Examination of the color diversity of particles
Figure 4 shows the various colors of microplastics found in some feedstuff samples.

The color diversity in each sample type was as follows: 
Water: Water from dairy farm A contained more black particles than other colors, while in dairy farm B, more white particles were observed. The color diversity of dairy farm A was lower than that of dairy farm B. 
Corn grain: In dairy farm A, the most abundant microplastics were red, followed by irregular shapes, small beads, and film. In dairy farm B, the majority of microplastics were pink-colored, primarily consisting of film and string. 
Barley grain: In dairy farm A, black microplastics were more prevalent, primarily consisting of string-like particles. In dairy farm B, the majority of microplastics were brown-black, often appearing in string-like forms. 
Wheat bran: In dairy farm A, yellow-colored microplastics were more abundant, followed by other colors. In dairy farm B, most of the microplastic samples were beige-colored, with pink-colored particles coming in second. 
Soybean meal: In dairy farm A, red and black microplastics were more prevalent. In dairy farm B, red and beige-colored particles were more common. 
Mineral supplement: In dairy farm A, red microplastics dominated, followed by colorless particles. In dairy farm B, blue-colored microplastics were more abundant, with colorless particles coming in second. Microplastics in dairy farm B exhibited a greater diversity of colors than those in dairy farm A. 
Vitamin supplement: In dairy farm A, colorless particles were more abundant, followed by green particles. In dairy farm B, the majority of microplastics were colorless, followed by brown particles. Both dairy farms exhibited a high level of color diversity.
Sodium salt: In both dairy farms A and B, black-colored microplastics were more abundant, followed by colorless particles.
Complete diet: In dairy farm A, numerous colorless particles were observed, with some exhibiting a shiny appearance. In dairy farm B, colorless and beige particles dominated.
Alfalfa hay: In both dairy farms A and B, colorless particles were more abundant. The particle samples of dairy farm A exhibited a lower level of color diversity than those of dairy farm B.

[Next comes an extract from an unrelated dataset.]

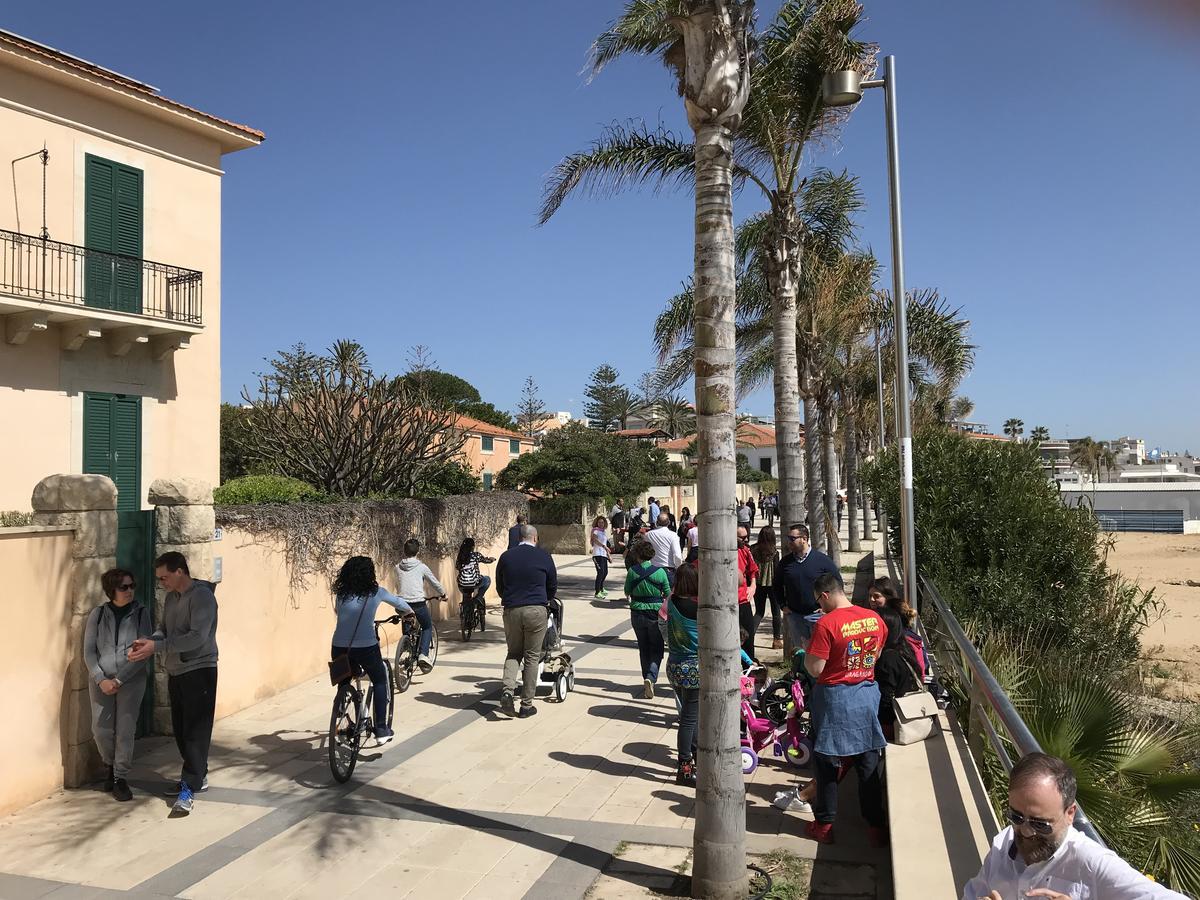 マリーナ・ディ・ラグーザ La Terrazza Sul Portoヴィラ エクステリア 写真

Conclusion on color diversity in samples
The greatest color diversity was observed in the vitamin supplement samples from dairy farm A, with 12 different colors present. In dairy farm B, the barley grain samples exhibited the highest level of color diversity, with 13 different colors observed. The mean number of colors observed in both dairy farms was 8 different colors. In dairy farm A, the majority of microplastics were colorless, followed by red and black particles. In dairy farm B, the most abundant colors were beige, colorless, and red. 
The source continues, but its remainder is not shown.